Brief descriptive captions:
____________
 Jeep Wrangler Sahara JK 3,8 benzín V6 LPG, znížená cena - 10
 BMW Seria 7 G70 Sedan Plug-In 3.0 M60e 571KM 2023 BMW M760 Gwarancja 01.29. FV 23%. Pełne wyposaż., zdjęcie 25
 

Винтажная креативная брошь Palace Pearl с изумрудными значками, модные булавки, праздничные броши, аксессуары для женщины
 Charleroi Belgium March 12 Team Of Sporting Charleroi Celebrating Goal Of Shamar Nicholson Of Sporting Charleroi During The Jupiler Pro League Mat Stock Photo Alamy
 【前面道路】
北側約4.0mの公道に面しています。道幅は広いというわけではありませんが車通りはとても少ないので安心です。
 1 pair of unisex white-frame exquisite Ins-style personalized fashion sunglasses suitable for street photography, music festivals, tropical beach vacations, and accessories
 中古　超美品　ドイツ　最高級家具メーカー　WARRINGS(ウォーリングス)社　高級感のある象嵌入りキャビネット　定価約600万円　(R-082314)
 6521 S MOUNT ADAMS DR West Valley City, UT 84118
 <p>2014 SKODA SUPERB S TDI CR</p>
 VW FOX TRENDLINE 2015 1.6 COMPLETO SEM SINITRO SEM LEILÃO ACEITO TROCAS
____________
PROBLEM DESCRIPTION: Set down the preceding data verbatim. Every line belongs in the copy.

ANSWER BOX:
 Jeep Wrangler Sahara JK 3,8 benzín V6 LPG, znížená cena - 10
 BMW Seria 7 G70 Sedan Plug-In 3.0 M60e 571KM 2023 BMW M760 Gwarancja 01.29. FV 23%. Pełne wyposaż., zdjęcie 25
 

Винтажная креативная брошь Palace Pearl с изумрудными значками, модные булавки, праздничные броши, аксессуары для женщины
 Charleroi Belgium March 12 Team Of Sporting Charleroi Celebrating Goal Of Shamar Nicholson Of Sporting Charleroi During The Jupiler Pro League Mat Stock Photo Alamy
 【前面道路】
北側約4.0mの公道に面しています。道幅は広いというわけではありませんが車通りはとても少ないので安心です。
 1 pair of unisex white-frame exquisite Ins-style personalized fashion sunglasses suitable for street photography, music festivals, tropical beach vacations, and accessories
 中古　超美品　ドイツ　最高級家具メーカー　WARRINGS(ウォーリングス)社　高級感のある象嵌入りキャビネット　定価約600万円　(R-082314)
 6521 S MOUNT ADAMS DR West Valley City, UT 84118
 <p>2014 SKODA SUPERB S TDI CR</p>
 VW FOX TRENDLINE 2015 1.6 COMPLETO SEM SINITRO SEM LEILÃO ACEITO TROCAS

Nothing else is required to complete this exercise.